> The problem:
Exclude images, then output the remaining data verbatim.

> Supplied material:

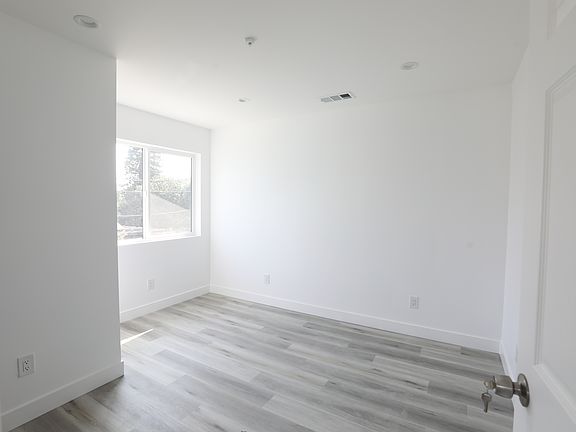 3rd image of 116 N Heliotrope Ave #A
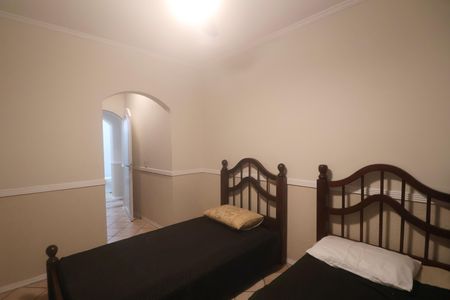 Apartamento para alugar com 145m², 4 quartos e 1 vaga Apartamento para alugar com 145m², 4 quartos e 1 vagaQuarto 2
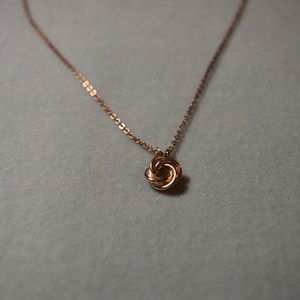 gorgeous gold knot necklace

> Result of this exercise:
 3rd image of 116 N Heliotrope Ave #A
 Apartamento para alugar com 145m², 4 quartos e 1 vaga Apartamento para alugar com 145m², 4 quartos e 1 vagaQuarto 2
 gorgeous gold knot necklace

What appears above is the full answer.